Daniel Gillblad is the Director of the Chalmers AI Research Center (CHAIR) as well as the Co-Director of AI Sweden, the Swedish national center for applied artificial intelligence. He has a track record of working with both academia and industry and strives to turn research breakthroughs into applications benefiting Swedish citizens.
AI Sweden released early 2023 GPT-SW3, the first truly large-scale generative language model for the Swedish language. This model uses the same technical principles as the much-hyped GPT-3 which the general public discovered with ChatGPT, and its goal is to help Swedish organizations build language applications never before possible. Indeed the development process strived to build this model “as openly, transparently, and collaboratively as possible, with the goal to make the model available to all sectors in Sweden that may have a need for NLP (Natural Language Processing) solutions”

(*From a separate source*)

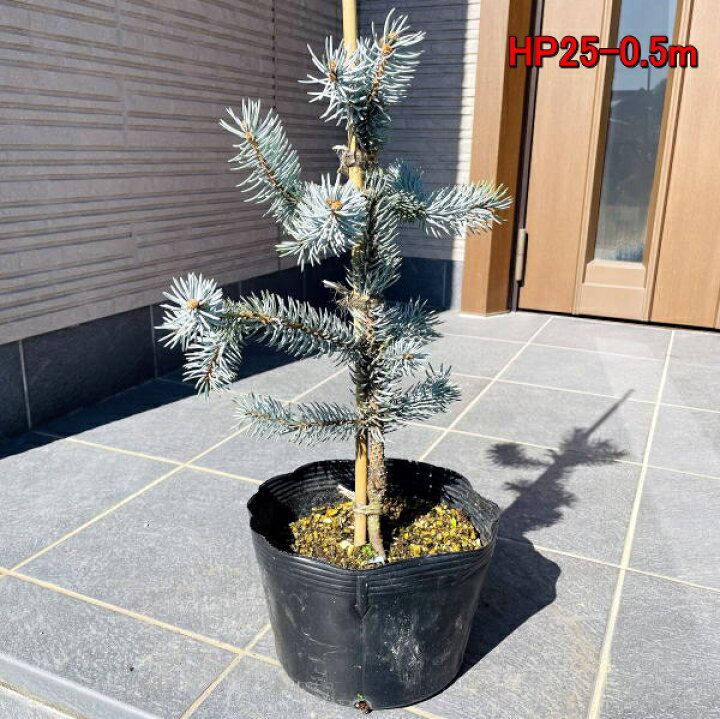 もみの木 ウラジロモミノキ 樹高1 2 1 3m 本物のモミノキ クリスマスツリー 根鉢含まず 樅ノ木 クリスマス もみの木 ウラジロモミノキ 樹高1 2 1 3m 本物のモミノキ クリスマスツリー 根鉢含まず 樅ノ木 クリスマス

We are at a stage where generative models can truly assist, and in some parts replace, human work and creativity. Image models can generate visual representations that can easily be taken for natural or human-created, and large language models can generate text on relatively complex subjects in several different styles. As these models grow more capable and cover more modalities such as video, music, programming, and engineering, we will have to account for a new way of working with creative disciplines and a new reality where text and representations that earlier could only be attributed to human effort could have been generated by a machine with its specific limitations and representation of the world.
While these techniques ultimately are going to increase human productivity and knowledge creation immensely, as with all powerful technologies, there are risks involved. Some of the more direct include:
- Overconfidence in the produced results by users
- Results that could include factual errors and misrepresentations of the world
- Change of roles and tasks in the workforce creating a need for education and organizational change
- Easier generation of disinformation and low-information material.
As we know of and to a degree understand these risks we can work to reduce them, but there are less understood risks that could prove more consequential, and perhaps the main problems with these models are not the factual errors or false representations they could produce but e.g. the gradual influence of the behavior of human users seeking advice and guidance.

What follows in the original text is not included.